Regardless of the future of the Canucks radio rights, Sportsnet 650’s program manager Cam Barra has his work cut out to increase those numbers and produce revenue-generating content.
Is CKNW in the mix?
Canucks ownership group does have options. They could move the radio rights to another station, but with TSN 1040 out of the mix, the only other real possibility is Corus Entertainment, which owns CKNW and AM730 — which currently airs Vancouver Whitecaps and BC Lions games.
Internally, Corus has looked at the possibility of the radio rights returning, as reported by Daily Hive in August. It makes sense for both parties on a number of levels, but a source with knowledge of the discussion has indicated to the Daily Hive that “the Canucks weren’t thrilled with our initial conversations,” alluding to the cost it would take to secure the rights.
“AM radio isn’t as important as it was in the past. Radio is changing and despite being the No. 1 radio station in Vancouver’s fall ratings, it’s no guarantee that it will remain there with the ever-changing landscape of radio.
“Look at the changes Bell Media and Rogers Sports and Media have made over the course of the last few years. AM radio is considered a dying breed. So we have to be sure in our approach for the rights if that’s the direction we go for.”
Corus is not out of the question as they did secure the radio rights for the Winnipeg Jets at the start of the 2020 season.
What about streaming?
If returning to Sportsnet 650 or going elsewhere on radio isn’t ideal for the Canucks, the team could opt to broadcast the games themselves on a streaming platform. Both the LA Kings and San Jose Sharks broadcast games online without the regular radio presence and have been doing so for years.
In San Jose, for example, the games are broadcast on the Sharks + SAP Centre App and include other content from the Sharks and AHL Barracuda teams. These shows include exclusive interviews with coaches, general managers, and players, with former players hosting talk shows. In essence, the San Jose Sharks control the narrative they want out in the public.
The Kings do the same in LA, broadcasting their games on an exclusive channel on the iHeartRadio app. The available 24/7 content includes podcasts and shows, as well as vintage broadcasts of historical games.
The New Jersey Devils broadcast most of their games on the Audacy App. The Oakland A’s in Major League Baseball, as well as the LA Galaxy, New York Red Bulls, and others in Major League Soccer all follow similar streaming formats.
Locally, the Canucks could do the same.
In hiring Craig MacEwen in a public relations role, the Vancouver Canucks have someone with experience as a radio program director.

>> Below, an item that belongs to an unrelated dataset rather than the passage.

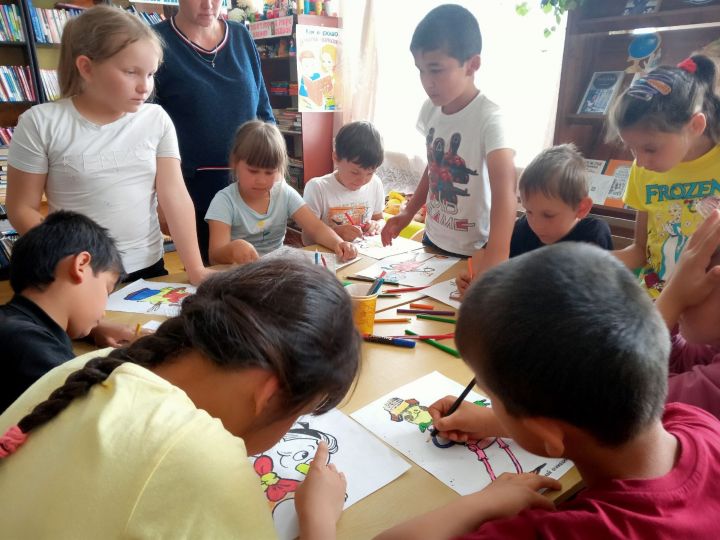 В литературное путешествие «Сказочные школы» отправились ребята чистопольского села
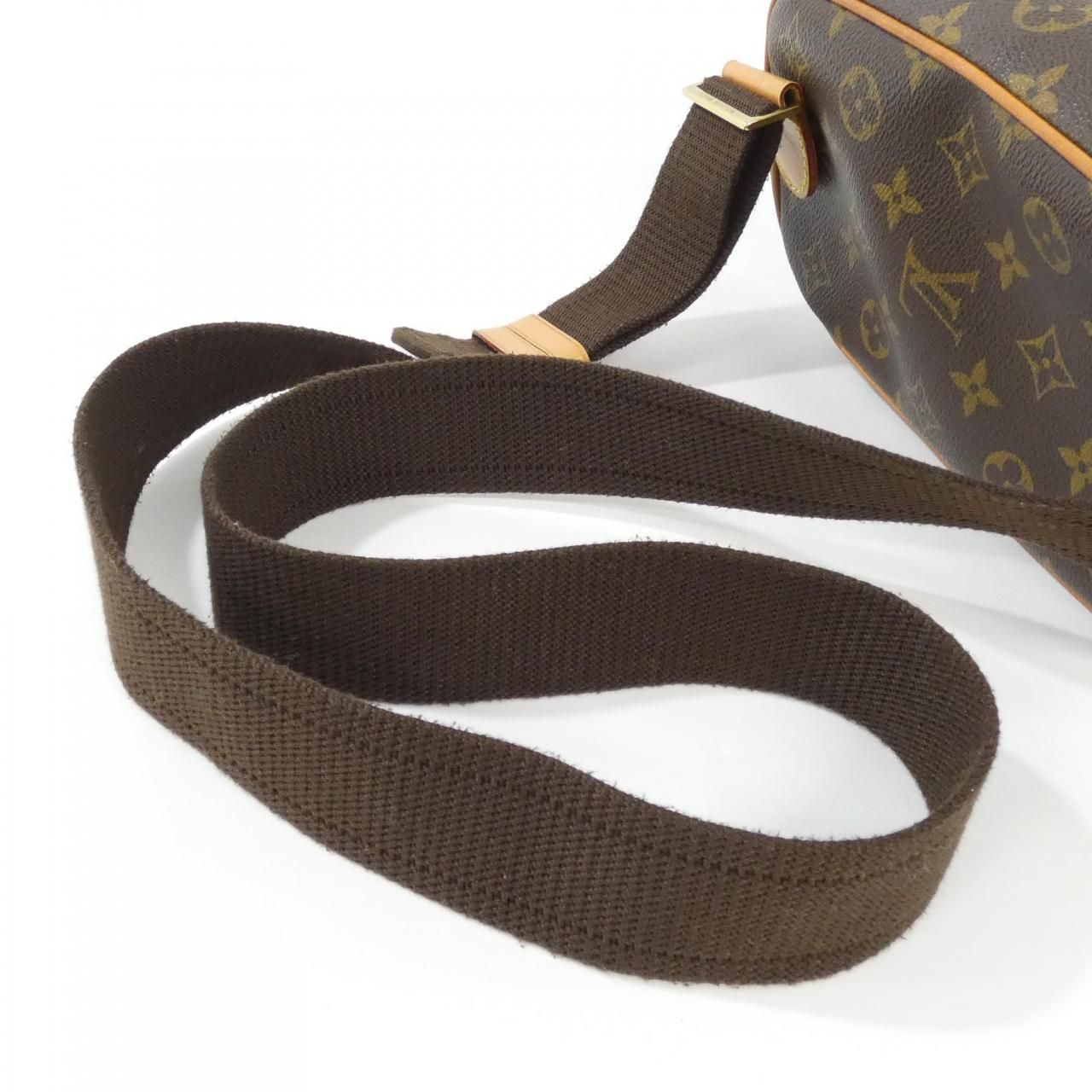 Louis Vuitton Monogram Pochette Gange — view 6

The Canucks could also make great use of historical footage. Imagine being able to go into the archives and to hear the first NHL game ever for the Vancouver Canucks, or Jim Robson and Tom Larscheid’s memorable commentary on Pavel Bure’s first NHL game, or John Shorthouse’s iconic “slay the dragon” call.
“This is the next wave of broadcasting and I would be surprised if the Canucks chose to go back to regular radio,” a broadcast insider told Daily Hive. “With streaming, the Canucks (could) control the rights, the content, the costs, and the advertising dollars. Everything they have, want, or need is already in place. It makes so much sense.”